::: Data records

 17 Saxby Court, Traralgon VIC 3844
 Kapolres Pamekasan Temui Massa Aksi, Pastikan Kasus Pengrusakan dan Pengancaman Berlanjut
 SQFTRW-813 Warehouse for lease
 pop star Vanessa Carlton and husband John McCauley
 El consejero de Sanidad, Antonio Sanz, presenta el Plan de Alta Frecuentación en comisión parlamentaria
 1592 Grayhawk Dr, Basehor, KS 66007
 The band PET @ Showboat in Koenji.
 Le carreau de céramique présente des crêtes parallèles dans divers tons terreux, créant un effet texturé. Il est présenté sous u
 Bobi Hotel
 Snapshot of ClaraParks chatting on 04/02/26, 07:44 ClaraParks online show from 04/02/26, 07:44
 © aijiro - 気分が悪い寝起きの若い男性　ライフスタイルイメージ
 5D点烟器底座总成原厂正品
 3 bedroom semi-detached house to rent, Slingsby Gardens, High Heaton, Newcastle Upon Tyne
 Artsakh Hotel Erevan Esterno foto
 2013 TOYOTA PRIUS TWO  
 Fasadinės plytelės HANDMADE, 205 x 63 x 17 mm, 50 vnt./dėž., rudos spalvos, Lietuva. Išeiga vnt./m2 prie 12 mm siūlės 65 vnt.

::::::

Your task
All records above must be printed again, exactly.

Written reply
 17 Saxby Court, Traralgon VIC 3844
 Kapolres Pamekasan Temui Massa Aksi, Pastikan Kasus Pengrusakan dan Pengancaman Berlanjut
 SQFTRW-813 Warehouse for lease
 pop star Vanessa Carlton and husband John McCauley
 El consejero de Sanidad, Antonio Sanz, presenta el Plan de Alta Frecuentación en comisión parlamentaria
 1592 Grayhawk Dr, Basehor, KS 66007
 The band PET @ Showboat in Koenji.
 Le carreau de céramique présente des crêtes parallèles dans divers tons terreux, créant un effet texturé. Il est présenté sous u
 Bobi Hotel
 Snapshot of ClaraParks chatting on 04/02/26, 07:44 ClaraParks online show from 04/02/26, 07:44
 © aijiro - 気分が悪い寝起きの若い男性　ライフスタイルイメージ
 5D点烟器底座总成原厂正品
 3 bedroom semi-detached house to rent, Slingsby Gardens, High Heaton, Newcastle Upon Tyne
 Artsakh Hotel Erevan Esterno foto
 2013 TOYOTA PRIUS TWO  
 Fasadinės plytelės HANDMADE, 205 x 63 x 17 mm, 50 vnt./dėž., rudos spalvos, Lietuva. Išeiga vnt./m2 prie 12 mm siūlės 65 vnt.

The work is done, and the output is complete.